The Chiron is as effortless as I remember it being. The cabin is much more spacious than the cramped, carbon-lined crypts of most hypercars; there's still a couple of inches of unused seat travel behind my six-foot frame. The Bugatti is plusher and more obviously luxurious than the pared back alternatives, milled metal and high-grade leather more prominent than carbon fibre, even in this sporty Chiron Sport. The engine fires up with an off-beat burble that makes it sound as if there's a pair of V8s behind the passenger compartment. Which, when you think about it, there pretty much are. At everyday speeds it feels outrageously gentle for something with so much power, the twin-clutch transmission doing a good impression of a torque converter and with deft suspension absorbing urban bumps. If you can drive anything, you can drive a Chiron – slowly at least.
The other side of the Chiron's character is always close. Anything more than gentle pressure on the throttle creates a rapid swell in longitudinal G-forces and turns the engine note from gentle to angry. But heading north towards Lake Garda on busy roads opportunities to stretch the Chiron's legs are limited – however much other drivers seem keen to see it unleashed. There seems to be a filming phone being held to every window, and many spectators seem keen to demonstrate the limits of the Chiron's rear three-quarters visibility by sheltering in its blind spots for as long as possible. The few opportunities to properly open the accelerator – and to experience the brutal warp-speed effect as the transmission sheds ratios and the turbos spool – are limited to no more than a couple of seconds each.

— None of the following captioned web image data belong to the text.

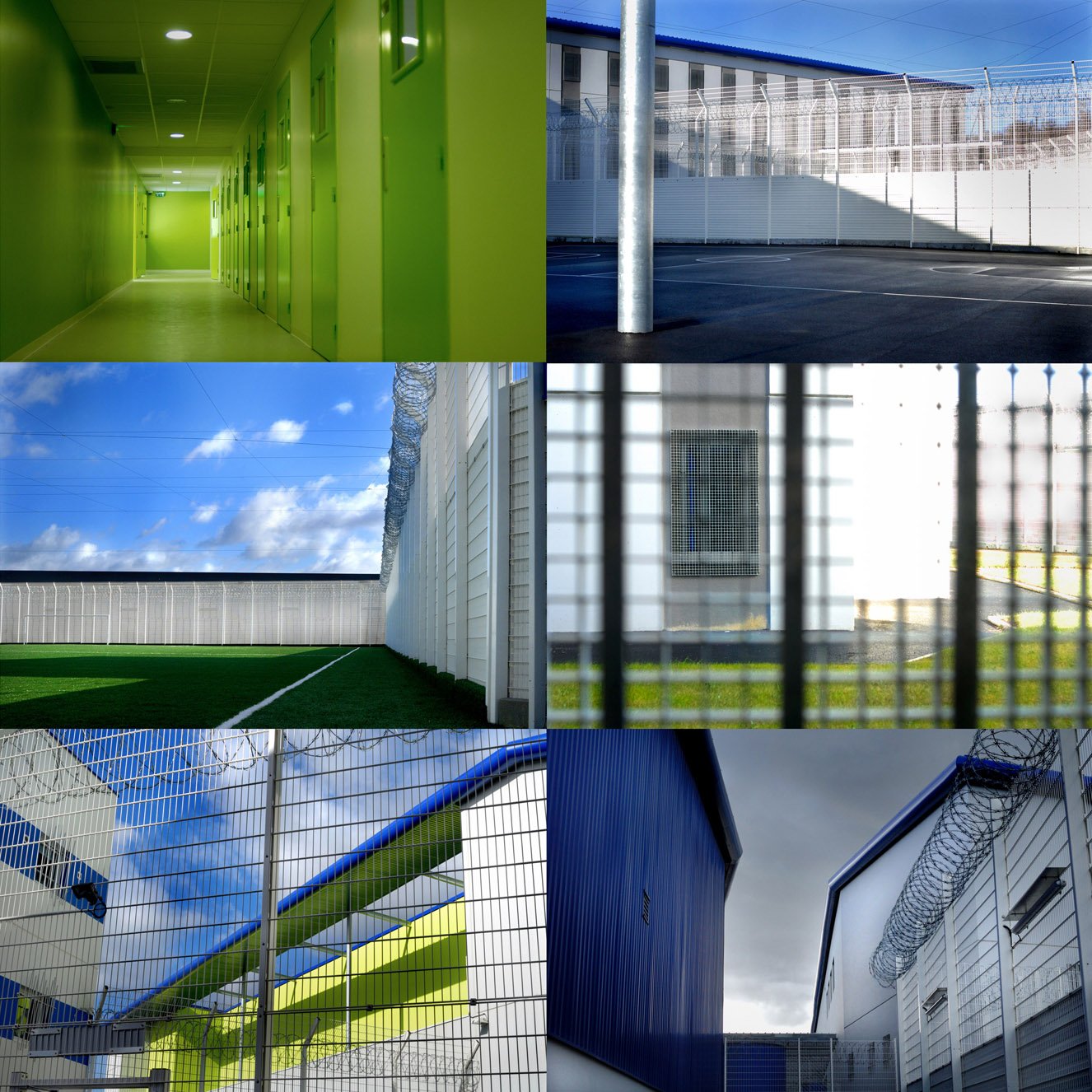 Sémantique carcérale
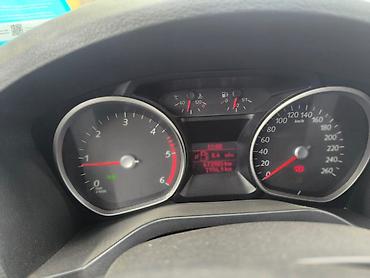 Ford: Ford Galaxy: 2014 г., Минивэн — 16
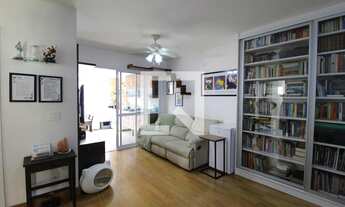 Imagem 3: Apartamento à Venda - Vila Olímpia, 2 Quartos, 76 m2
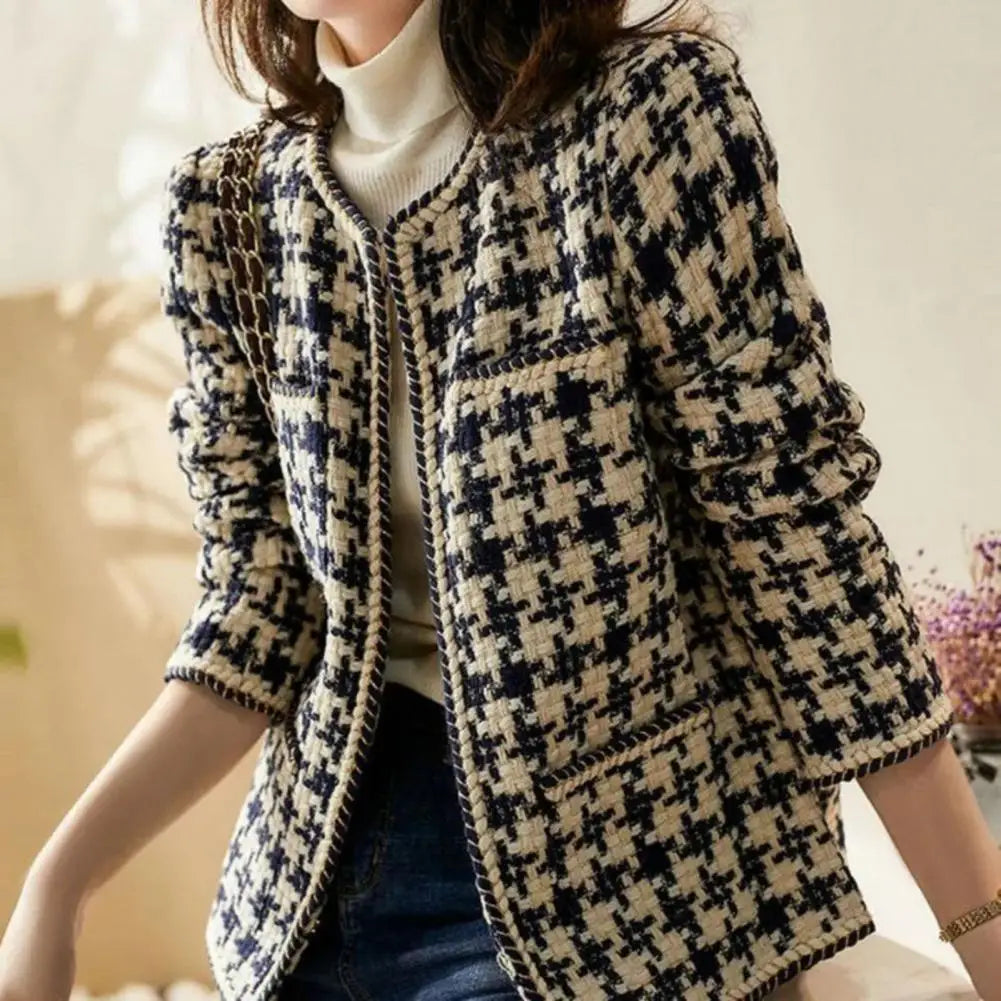 Vintage Tweed Jacket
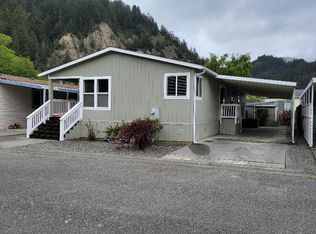 995 Riverside Dr SPACE 89, Rio Dell, CA 95562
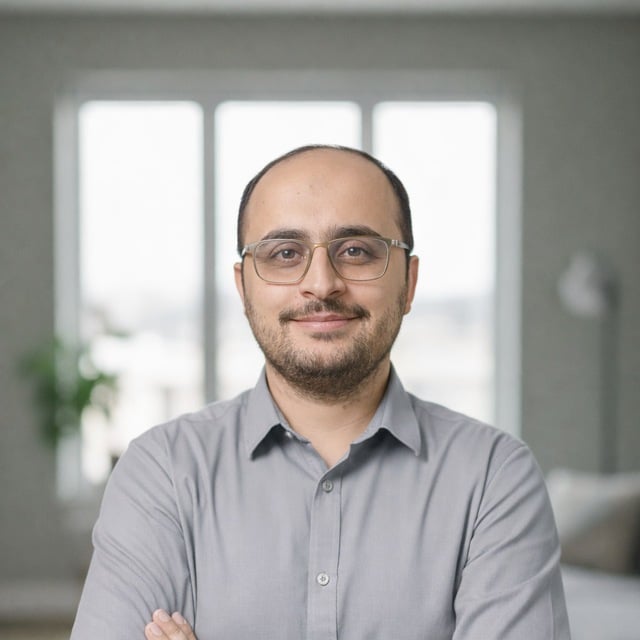 Hossein Alehabib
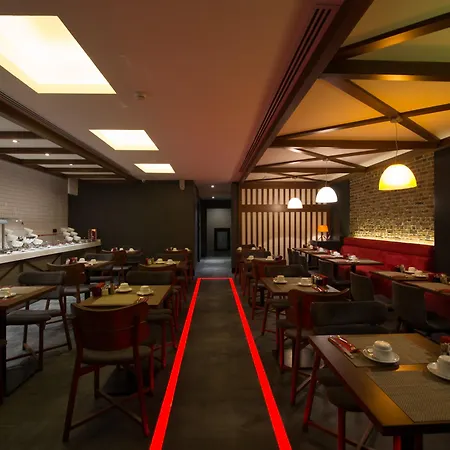Favori Nisantasi 3* Provincia di Istanbul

In most hypercars this sort of low-tenths progress would be frustrating, or at the least mildly uncomfortable. Yet the Chiron feels completely unflustered when dealing with the real world, performance locked away like a coiled spring: just as happy playing Dr Jekyll as Mr Hyde.
The logistics four journos sharing two cars means I spend the next stint riding in a T6 Transporter to an overnight stay in a hotel. So I get my first experience of the Veyron the following morning on the considerably more demanding terrain of Austria's Hahntennjoch pass. The Veyron is Bugatti's own Grand Sport Vitesse, and is the very car that set a 254mph open-topped production car speed record in 2013 – although the roof will stay fixed in place today. (The black-and-orange livery and black badge were then also used for the eight World Record Edition production cars.) Being the Vitesse also means it gets the upgraded 1183hp version of the 8.0-litre engine with bigger turbochargers; taking longer to spool these actually knocked back the 0-62mph slightly compared to the standard Veyron, but it was quicker for every other acceleration increment.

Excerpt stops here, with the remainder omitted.